İster atanmış ister seçilmiş olsun kamu görevi ifa eden herkes kamu malına sahip çıkmakla mükelleftir. Önce yargıya sonra millete verilmesi gerekir. Çiğ süt içmeyenin karnı da başı da ağrımaz" şeklinde konuştu.
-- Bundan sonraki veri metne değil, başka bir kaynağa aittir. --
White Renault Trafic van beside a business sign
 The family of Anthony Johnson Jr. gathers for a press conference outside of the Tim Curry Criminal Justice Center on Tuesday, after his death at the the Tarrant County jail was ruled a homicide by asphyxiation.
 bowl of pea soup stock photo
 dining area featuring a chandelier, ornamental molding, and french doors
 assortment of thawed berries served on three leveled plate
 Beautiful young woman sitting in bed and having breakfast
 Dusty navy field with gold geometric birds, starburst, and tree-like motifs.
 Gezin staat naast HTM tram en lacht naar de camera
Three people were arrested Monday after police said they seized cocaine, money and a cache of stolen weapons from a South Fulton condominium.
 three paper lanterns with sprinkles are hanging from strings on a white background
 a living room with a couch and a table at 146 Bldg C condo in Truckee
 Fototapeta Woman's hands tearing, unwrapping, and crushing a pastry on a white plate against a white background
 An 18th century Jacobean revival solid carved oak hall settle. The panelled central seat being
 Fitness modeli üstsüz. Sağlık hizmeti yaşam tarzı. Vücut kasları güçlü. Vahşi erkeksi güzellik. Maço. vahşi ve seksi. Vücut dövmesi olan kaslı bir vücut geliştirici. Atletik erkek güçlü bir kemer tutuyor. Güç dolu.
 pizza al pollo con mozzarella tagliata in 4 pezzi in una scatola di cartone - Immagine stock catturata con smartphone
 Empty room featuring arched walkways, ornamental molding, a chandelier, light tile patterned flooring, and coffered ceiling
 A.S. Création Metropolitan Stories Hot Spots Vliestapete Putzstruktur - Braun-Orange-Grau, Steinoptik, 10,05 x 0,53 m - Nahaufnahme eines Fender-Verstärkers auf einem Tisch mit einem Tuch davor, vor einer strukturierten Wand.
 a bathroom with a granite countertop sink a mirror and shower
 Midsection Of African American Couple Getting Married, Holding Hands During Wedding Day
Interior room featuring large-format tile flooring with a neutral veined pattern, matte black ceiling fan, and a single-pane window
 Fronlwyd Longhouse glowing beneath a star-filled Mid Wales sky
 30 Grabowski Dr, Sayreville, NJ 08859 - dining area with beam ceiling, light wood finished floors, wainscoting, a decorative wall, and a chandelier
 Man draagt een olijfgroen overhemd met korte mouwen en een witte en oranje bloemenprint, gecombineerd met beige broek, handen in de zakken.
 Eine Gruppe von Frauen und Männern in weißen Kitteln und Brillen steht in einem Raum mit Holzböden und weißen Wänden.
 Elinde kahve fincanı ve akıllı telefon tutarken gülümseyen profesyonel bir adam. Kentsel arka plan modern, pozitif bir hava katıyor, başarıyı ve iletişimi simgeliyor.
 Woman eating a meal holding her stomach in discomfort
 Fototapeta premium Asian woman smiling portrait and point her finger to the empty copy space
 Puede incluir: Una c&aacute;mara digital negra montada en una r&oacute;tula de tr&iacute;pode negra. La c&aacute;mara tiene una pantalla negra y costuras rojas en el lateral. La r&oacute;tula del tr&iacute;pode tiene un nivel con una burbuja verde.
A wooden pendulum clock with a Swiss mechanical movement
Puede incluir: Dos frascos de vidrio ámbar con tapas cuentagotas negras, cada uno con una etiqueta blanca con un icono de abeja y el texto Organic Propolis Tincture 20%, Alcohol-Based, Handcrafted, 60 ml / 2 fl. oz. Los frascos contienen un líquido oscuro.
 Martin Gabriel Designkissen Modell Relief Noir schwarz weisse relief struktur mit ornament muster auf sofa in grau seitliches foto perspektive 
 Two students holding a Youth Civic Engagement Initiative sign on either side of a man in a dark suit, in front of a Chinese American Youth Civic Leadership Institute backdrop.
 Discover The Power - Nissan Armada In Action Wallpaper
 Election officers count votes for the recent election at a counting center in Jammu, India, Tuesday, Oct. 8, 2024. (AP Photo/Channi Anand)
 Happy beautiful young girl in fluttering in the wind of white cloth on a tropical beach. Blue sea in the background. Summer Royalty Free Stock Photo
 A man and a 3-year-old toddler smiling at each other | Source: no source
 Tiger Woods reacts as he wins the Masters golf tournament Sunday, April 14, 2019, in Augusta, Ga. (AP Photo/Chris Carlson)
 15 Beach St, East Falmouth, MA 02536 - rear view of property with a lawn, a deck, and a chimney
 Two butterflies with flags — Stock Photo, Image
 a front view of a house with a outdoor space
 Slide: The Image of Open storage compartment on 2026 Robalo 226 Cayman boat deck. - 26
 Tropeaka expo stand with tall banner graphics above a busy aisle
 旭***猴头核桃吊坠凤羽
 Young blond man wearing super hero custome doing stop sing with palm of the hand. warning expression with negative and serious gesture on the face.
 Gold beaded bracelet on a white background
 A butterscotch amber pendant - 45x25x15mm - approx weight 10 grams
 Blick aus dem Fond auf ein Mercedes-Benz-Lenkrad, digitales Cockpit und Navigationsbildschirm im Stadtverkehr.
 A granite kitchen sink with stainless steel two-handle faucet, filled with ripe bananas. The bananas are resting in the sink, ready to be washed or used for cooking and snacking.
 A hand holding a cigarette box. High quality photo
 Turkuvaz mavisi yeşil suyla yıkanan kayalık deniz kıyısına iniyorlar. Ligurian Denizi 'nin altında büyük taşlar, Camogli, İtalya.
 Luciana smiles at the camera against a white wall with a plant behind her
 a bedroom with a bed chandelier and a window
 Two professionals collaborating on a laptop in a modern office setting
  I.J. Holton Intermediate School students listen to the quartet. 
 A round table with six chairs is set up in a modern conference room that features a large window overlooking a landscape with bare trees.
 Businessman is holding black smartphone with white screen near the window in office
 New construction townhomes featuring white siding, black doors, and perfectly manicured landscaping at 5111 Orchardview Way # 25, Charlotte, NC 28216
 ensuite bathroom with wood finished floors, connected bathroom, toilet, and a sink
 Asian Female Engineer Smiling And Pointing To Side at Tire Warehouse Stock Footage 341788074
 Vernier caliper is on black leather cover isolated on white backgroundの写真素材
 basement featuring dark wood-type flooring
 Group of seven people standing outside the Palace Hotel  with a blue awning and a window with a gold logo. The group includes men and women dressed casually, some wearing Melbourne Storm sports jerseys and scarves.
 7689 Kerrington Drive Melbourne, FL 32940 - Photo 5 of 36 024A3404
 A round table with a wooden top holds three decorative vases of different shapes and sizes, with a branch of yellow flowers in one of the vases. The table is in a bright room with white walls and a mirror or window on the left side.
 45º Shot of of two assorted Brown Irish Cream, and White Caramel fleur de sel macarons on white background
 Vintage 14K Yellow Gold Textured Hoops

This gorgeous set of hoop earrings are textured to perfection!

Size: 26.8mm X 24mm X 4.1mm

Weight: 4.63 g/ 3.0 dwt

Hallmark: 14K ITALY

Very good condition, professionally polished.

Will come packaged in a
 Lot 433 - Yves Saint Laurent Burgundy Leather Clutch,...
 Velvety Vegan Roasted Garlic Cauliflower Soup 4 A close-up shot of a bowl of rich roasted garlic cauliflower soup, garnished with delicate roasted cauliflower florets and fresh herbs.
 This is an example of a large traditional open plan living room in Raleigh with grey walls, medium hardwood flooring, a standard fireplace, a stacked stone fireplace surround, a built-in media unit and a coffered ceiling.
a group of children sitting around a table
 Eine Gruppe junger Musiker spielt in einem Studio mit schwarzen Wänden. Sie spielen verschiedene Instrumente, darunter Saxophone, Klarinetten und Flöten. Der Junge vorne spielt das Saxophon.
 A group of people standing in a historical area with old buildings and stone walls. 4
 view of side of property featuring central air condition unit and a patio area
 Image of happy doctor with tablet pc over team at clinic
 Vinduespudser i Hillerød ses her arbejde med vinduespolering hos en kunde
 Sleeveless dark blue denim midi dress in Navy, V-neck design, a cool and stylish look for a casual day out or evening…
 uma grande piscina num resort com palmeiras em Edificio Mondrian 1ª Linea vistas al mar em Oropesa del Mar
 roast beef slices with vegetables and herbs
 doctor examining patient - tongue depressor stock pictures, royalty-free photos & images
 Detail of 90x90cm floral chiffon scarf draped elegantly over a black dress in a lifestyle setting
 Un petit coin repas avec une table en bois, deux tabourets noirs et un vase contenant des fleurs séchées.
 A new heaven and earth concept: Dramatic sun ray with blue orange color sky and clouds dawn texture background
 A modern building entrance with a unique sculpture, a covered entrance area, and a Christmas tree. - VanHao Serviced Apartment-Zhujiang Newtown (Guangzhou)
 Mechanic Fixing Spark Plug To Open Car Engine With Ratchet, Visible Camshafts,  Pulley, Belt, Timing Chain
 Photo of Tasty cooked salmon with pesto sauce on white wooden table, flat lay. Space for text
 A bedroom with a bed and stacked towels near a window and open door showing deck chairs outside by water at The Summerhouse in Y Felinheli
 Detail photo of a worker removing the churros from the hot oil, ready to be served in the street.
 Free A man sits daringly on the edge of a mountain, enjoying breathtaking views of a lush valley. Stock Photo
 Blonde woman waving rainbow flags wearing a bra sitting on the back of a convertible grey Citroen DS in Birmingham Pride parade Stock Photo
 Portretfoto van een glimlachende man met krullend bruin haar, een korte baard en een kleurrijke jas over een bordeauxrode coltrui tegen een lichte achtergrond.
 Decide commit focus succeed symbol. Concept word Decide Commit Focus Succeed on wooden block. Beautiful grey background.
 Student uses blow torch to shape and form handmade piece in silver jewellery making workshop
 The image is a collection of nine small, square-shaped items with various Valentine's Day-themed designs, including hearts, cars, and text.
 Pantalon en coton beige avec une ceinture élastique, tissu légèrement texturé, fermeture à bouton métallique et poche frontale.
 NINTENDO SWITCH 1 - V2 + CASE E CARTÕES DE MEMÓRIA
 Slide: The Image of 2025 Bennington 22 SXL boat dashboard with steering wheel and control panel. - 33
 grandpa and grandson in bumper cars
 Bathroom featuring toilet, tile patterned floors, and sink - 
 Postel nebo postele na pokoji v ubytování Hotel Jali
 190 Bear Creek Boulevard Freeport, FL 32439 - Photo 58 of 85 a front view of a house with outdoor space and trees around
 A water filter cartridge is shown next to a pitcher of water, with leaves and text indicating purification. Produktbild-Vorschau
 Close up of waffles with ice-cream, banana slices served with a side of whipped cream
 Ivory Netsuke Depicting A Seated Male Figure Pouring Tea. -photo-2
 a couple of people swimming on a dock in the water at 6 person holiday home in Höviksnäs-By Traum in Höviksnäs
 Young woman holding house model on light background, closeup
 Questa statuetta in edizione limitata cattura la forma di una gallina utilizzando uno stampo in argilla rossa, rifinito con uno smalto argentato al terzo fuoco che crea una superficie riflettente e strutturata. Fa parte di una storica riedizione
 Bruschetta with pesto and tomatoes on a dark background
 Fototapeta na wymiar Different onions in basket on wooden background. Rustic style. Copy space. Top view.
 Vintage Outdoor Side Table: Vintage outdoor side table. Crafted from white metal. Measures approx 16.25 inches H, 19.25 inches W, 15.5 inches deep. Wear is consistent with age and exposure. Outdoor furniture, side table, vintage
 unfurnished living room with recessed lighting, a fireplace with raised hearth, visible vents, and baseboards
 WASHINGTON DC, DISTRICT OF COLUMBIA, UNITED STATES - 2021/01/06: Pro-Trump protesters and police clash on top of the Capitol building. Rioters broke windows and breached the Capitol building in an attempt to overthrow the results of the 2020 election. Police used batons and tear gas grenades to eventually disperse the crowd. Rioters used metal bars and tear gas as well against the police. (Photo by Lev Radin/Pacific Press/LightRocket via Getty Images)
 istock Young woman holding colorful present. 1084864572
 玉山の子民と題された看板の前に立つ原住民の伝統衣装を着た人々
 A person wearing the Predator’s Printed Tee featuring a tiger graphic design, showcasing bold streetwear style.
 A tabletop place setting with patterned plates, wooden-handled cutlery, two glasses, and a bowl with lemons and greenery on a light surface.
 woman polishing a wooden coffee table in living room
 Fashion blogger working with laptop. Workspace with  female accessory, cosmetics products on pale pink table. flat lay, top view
"KRİTİK BİR EŞİĞİ DAHA AŞTIK"
Başkan Erdoğpan, "MHP'nin saygıdeğer genel başkanı Devlet Bahçeli'nin tarihi çıkışıyla olgunlaşan Terörsüz Türkiye çalışmalarında kritik bir eşiği daha aştık. Örgütün aldığı fesih ve silah bırakma kararıyla yeni bir safhaya geçilmiş oldu. Şurası bir gerçek; her yeni aşamayla birlikte hem ümitlerimiz hem de yükümüz artmaktadır. Muhalefet belediyeleri borç içerisindedir. Birçok belediyede tali ihtiyaçlar asli ihtiyaçların önüne geçmiştir. Burada ciddi bir sorun var demektir. Belediye başkanlığı yaptım İstanbul'da açık ve net söylüyorum personel giderleri bütçenin yüzde 30'unu aşamaz aşmamalıdır. Böyle bir hatayı bizim arkadaşlarımız yapsa tavrımız değişmez. Bu sorunlara neşter vurulmasının vakti geldi" dedi.

"ÜLKEMİZİ DARBE ATMOSFERİNE SOKAN CHP'DİR"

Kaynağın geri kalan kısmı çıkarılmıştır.